Where they draw the line is steelhead being sold as food.

So, maybe this post should be titled: why I buy steelhead to eat.

Because the dividing line seems to be that selling the fish is a sin. And, this is the notion I don’t buy.

The movement to make steelhead a game fish began after World War I in Cascadia. The decommercialization (aside from a few tribal fishermen) was complete by the 1930s. There’s a lot of history in those years leading up to today, but today only tribal fishermen are allowed to catch steelhead for commercial sale.

So, the steelhead burger I enjoyed in Portland about a month ago was more than likely tribally-caught.

This line drawing between commercial fish and game fish, fish you can buy and eat and fish that only sportsmen can catch is actually as old as sports fishing.

Treatyse of Fysshynge wyth an Angle, printed in 1496 is the first record of sport fishing. And, it also marks the economic and political division of game fish. In England, the game fish (salmon and trout) were reserved to nobles.
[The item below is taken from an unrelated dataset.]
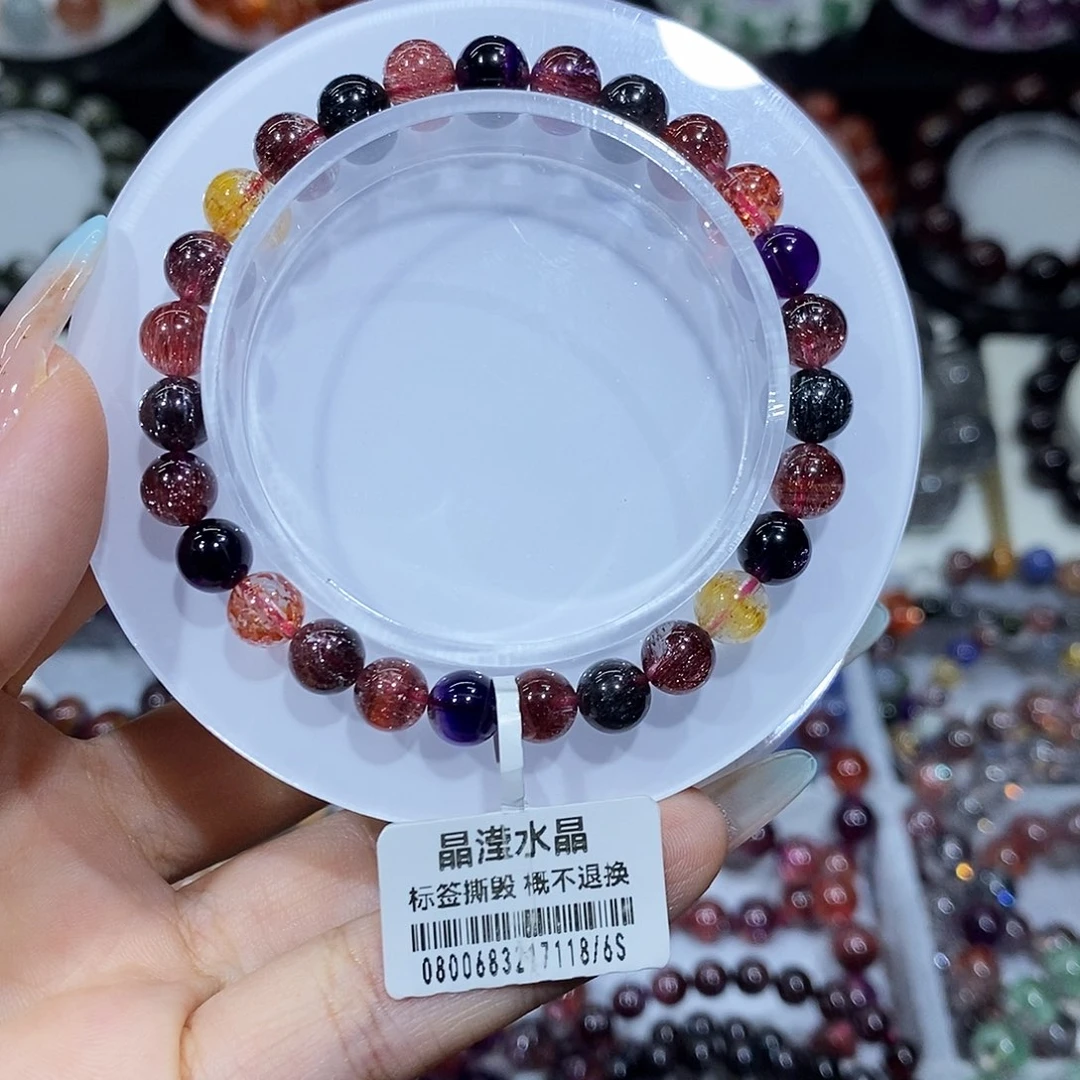 未镶嵌手串水晶黑加仑6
While course fish (pike, carp, perch, etc) were available to common people.

This concept of game fishing, marking off species from commercial fishing, found new blood in the United States in the last 100 years. Especially since the founding of the Coastal Conservation Association in the 1970s, the game-fishication of certain species hit high speed.

I believe that people should be able to live from fishing. And, I believe that steelhead are no different than any other salmon.

This isn’t an argument about salmon management or catching the last fish. Obviously, if there aren’t enough fish to sustain a fishery, we shouldn’t fish. What I’m arguing against is choosing only one group to have access to a certain species.

If you reached back down to the first decade of the 1900s and looked for steelhead references in newspapers, you’d see a commodity price listing for “steelhead salmon.” This fish was usually less expensive than chinook salmon, it was a middle of the road and less plentiful option to larger salmon.

There’s nothing special to report about its taste either. In the handful of times I’ve eaten steelhead, I’ve noted nothing particularly good about it. But, I always order it.

Because steelhead is food, which means commercial fishermen should be able to fish on healthy runs and sell their catch.

Like the nobles and game fish of England, game fish designations create separate classes of people who can and can’t access fish. I don’t fish. It isn’t an economic choice for me, I could certainly afford to if it called to me and I had time. But, I don’t fish. Which means I’m mostly cut out of eating steelhead, unless I can track it down.

But, steelhead belong to all of us. That there are some steelhead runs in Washington that are healthy enough is the result of our collective political will to hold off annihilating them, paving them under, replacing their habitat with ours, the way we’ve done it since Treatyse of Fysshynge wyth an Angle days.

David Montgomery traces this destructive history in King of Fish. He points out that from England to Cascadia, we’ve followed the same pattern. Fishing, weak laws, habitat destruction, and fish disappear from England, New England then Cascadia.  While he doesn’t point directly to it, I draw another comparison to us repeating our fish history, that only a few are connected to the fish because they’re game fished.

I eat steelhead because they’re our state fish and I am as responsible for their fate as anyone else.

UPDATE (6/23/14 7:40 p.m.): Boy, this post sure did get around today!

So, I thought about how best to respond to the comments that have been coming in all day, and instead of taking them inline, I’ll try to do a FAQ here as a post update.

1. Yes, I work at the NWIFC as an information officer. Which would help explain my interest in this topic, but not show some sort of shill-factor. I have no problem doing my job at work. The perspective I wanted to bring here was from me as a citizen and a consumer. Obviously I’m informed by my work, but that is obviously something I should have disclosed originally.

2. Steelhead are not in danger of being extinct across their entire range.

3. A good point was made that the steelhead I end up buying could be farmed rainbows. Excellent point. I just assume they’re commercially caught, I have no actual evidence though.